While it is true that we don't know, it is also true that experiments have essentially ruled out "classical" physics type mechanisms. We don't know because all of the "first guess" answers scientists had for a mechanism have been ruled out.

One shorthand way of describing the issue is that quantum entanglement is not possible unless one or more of the following is not true in quantum entanglement cases:

1. Locality.
2. Causality.
3. Reality.
The most comprehensive QT is relativistic QFT, the Standard Model of elementary particle physics is based on, and that's the most successful theory of matter that has been hitherto discovered. It's so successful that it is hard to find "physics beyond the Standard Model", for which HEP physicists strive vigorously, because we know on the other hand that it is incomplete since there's very convincing evidence from astronomy and cosmology that there should be more particles than described by the Standard model (the socalled dark matter) and because there is no satisfactory quantum theory of the gravitational interaction.

However, this so far most successful theory about the known types of matter and the interaction between its constituents is clearly based on locality and causality, and this is so by construction, i.e., it is built in in its very foundations.

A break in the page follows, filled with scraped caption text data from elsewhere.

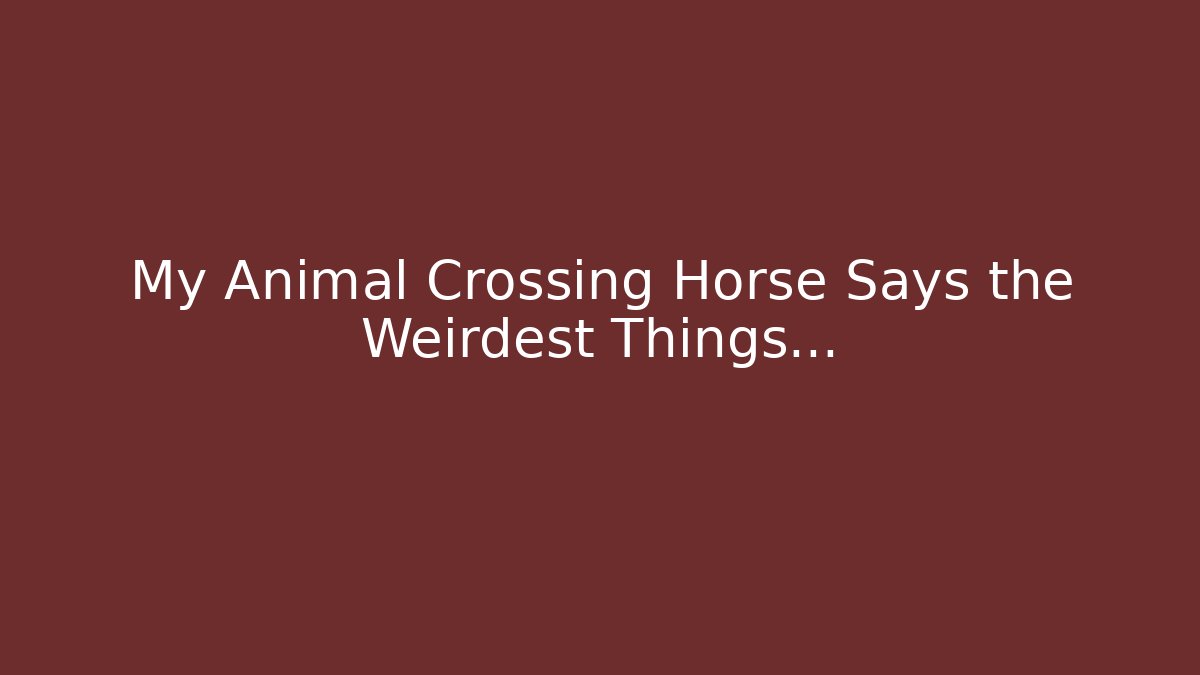 My Animal Crossing Horse Says the Weirdest Things…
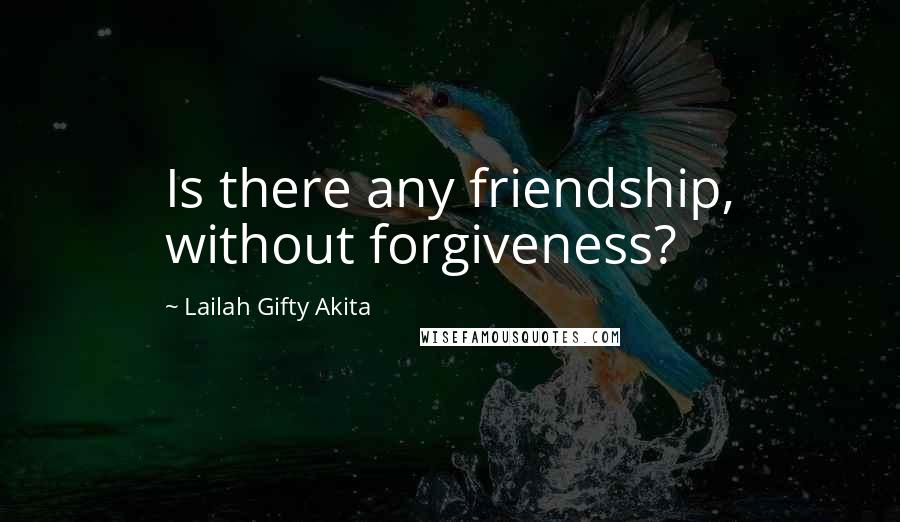 Lailah Gifty Akita Quotes: Is there any friendship, without forgiveness?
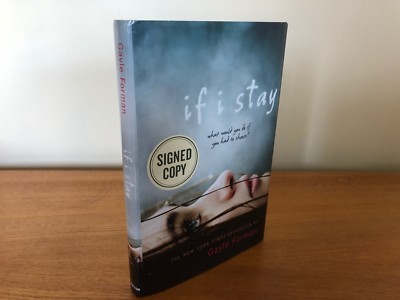 SIGNED If I Stay by Gayle Forman (2009 Hardcover DJ 1st/later VG+/VG)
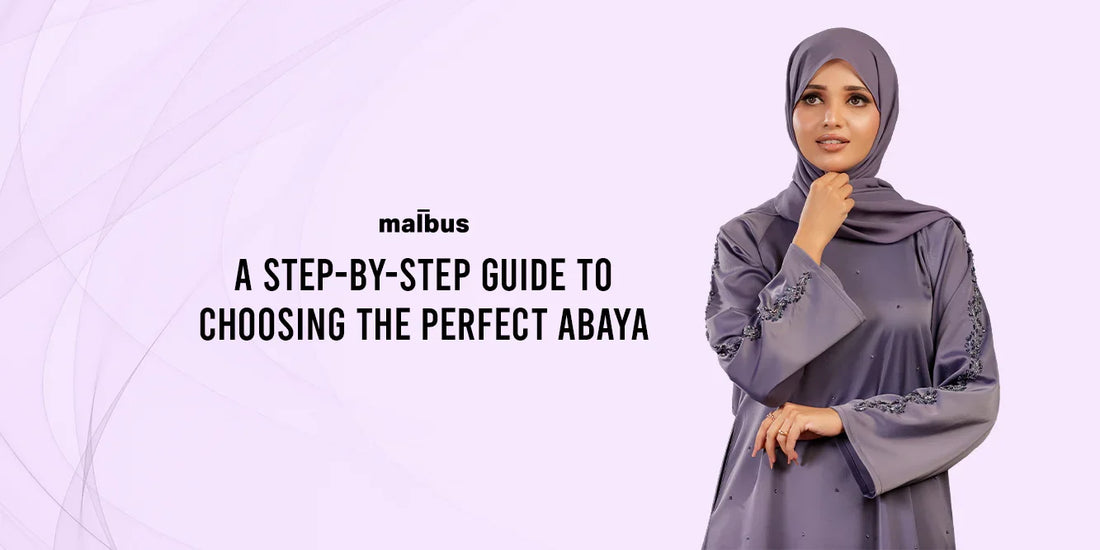 How to choose a Perfect Abaya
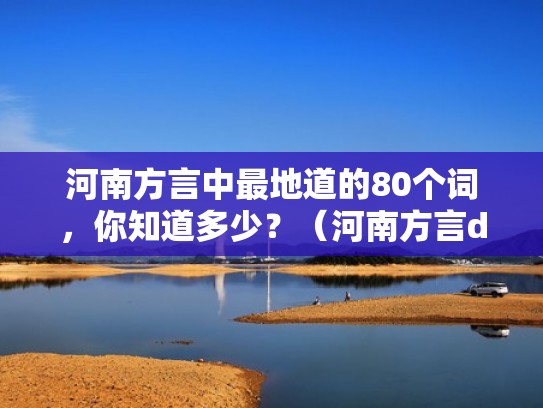 河南方言中最地道的80个词，你知道多少？（河南方言dei）
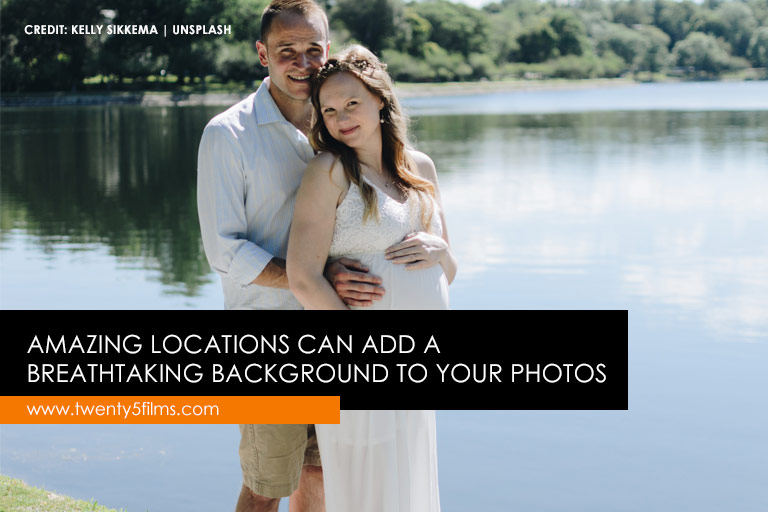 Amazing locations can add a breathtaking background to your photos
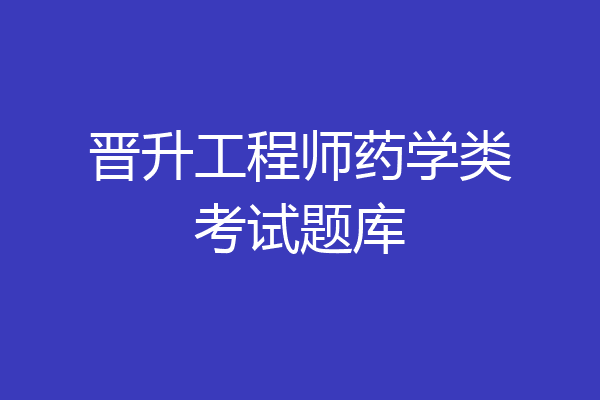 晋升工程师药学类考试题库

Causality means that the state of a (quantum) system can be influenced only by the past and not the future. In relativistic models of spacetime this implies that there cannot be causal influences from space-like separated events. In both classical and quantum relativistic theories this has been realized by a strict use of the paradigm of local field theories. In quantum field theory it is realized by a formal mathematical demand called the "microcausality principle", i.e., the quantum fields are the building blocks for all the operators that describe observables at a point in spacetime (usually densities like charge density, energy-momentum densities, etc.) must commute with the Hamilton density for space-like separated space-time arguments. This rules out any "spooky actions at a distance", i.e., causal effects can only be due to signals that propagate with a speed less than or equal to the speed of light in vacuum.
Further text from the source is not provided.